---------- Data to examine ----------
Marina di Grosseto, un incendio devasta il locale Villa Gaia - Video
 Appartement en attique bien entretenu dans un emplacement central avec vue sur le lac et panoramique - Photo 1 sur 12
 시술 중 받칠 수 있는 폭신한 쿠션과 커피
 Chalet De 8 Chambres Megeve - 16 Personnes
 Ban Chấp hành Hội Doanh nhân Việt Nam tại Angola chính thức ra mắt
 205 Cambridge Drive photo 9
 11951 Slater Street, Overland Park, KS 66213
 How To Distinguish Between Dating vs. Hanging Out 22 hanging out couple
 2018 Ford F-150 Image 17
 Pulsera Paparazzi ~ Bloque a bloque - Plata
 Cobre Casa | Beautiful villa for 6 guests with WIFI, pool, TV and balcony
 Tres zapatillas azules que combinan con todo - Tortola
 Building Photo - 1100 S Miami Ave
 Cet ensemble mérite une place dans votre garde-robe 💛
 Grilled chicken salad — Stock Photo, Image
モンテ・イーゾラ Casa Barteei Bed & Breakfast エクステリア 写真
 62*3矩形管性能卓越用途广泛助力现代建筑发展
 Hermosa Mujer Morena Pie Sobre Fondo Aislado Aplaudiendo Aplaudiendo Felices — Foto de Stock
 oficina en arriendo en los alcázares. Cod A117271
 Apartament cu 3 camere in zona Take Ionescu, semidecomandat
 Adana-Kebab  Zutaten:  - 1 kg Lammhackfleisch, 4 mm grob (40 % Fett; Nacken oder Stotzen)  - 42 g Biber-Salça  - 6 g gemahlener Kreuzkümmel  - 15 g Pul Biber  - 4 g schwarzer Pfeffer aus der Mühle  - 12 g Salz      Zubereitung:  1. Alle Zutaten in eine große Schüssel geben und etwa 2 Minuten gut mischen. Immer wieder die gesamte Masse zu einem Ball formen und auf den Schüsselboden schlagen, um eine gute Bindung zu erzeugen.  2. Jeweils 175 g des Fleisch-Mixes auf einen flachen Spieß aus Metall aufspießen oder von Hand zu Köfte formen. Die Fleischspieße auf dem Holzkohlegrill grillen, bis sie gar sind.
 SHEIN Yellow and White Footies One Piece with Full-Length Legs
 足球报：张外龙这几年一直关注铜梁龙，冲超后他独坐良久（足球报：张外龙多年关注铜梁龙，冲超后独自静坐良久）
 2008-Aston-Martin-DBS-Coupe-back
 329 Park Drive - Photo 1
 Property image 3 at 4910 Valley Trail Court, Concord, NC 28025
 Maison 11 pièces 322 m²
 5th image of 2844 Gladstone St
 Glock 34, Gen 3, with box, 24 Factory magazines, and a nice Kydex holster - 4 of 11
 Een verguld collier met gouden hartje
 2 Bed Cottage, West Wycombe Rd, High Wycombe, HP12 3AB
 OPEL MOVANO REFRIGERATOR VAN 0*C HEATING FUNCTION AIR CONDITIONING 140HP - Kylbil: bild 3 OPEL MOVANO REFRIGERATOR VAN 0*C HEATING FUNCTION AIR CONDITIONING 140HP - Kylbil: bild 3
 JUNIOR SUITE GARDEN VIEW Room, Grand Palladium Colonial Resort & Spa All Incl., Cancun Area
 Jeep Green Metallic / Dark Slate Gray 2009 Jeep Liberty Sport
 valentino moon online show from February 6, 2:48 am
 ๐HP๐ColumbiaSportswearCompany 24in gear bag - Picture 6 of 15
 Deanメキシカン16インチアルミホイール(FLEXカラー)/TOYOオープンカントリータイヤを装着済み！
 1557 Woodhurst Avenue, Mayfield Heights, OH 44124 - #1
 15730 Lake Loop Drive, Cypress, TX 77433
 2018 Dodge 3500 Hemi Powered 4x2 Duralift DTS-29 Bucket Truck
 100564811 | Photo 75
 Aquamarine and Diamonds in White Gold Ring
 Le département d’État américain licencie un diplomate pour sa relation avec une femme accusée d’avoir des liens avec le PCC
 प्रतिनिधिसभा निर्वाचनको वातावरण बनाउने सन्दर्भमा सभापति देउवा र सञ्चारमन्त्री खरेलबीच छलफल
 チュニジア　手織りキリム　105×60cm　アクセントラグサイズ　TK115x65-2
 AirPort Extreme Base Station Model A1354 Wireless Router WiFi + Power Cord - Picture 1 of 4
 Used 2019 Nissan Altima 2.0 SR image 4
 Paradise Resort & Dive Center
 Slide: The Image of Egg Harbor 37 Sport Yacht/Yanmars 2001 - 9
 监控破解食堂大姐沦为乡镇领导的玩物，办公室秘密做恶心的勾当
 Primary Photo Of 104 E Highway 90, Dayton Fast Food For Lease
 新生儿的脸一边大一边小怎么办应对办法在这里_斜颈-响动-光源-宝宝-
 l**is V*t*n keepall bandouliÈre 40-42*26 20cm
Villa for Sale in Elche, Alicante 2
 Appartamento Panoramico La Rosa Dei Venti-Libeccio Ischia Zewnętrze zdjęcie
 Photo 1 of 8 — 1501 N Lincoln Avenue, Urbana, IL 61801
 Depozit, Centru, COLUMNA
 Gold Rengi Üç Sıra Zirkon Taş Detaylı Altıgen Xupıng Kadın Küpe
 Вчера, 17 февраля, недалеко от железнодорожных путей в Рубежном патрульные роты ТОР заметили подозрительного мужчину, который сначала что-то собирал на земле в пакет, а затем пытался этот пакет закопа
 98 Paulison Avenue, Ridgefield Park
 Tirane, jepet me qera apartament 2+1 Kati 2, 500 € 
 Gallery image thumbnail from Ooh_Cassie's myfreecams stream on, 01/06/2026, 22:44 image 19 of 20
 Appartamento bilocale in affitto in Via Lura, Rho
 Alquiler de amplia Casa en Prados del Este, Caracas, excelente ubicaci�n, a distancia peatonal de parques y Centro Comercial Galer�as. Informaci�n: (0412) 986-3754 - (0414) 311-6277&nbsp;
----------
-- Prompt --
Which lines of the entries above contain the word "Resort"? Copy each of them.

-- Your solution --
 JUNIOR SUITE GARDEN VIEW Room, Grand Palladium Colonial Resort & Spa All Incl., Cancun Area
 Paradise Resort & Dive Center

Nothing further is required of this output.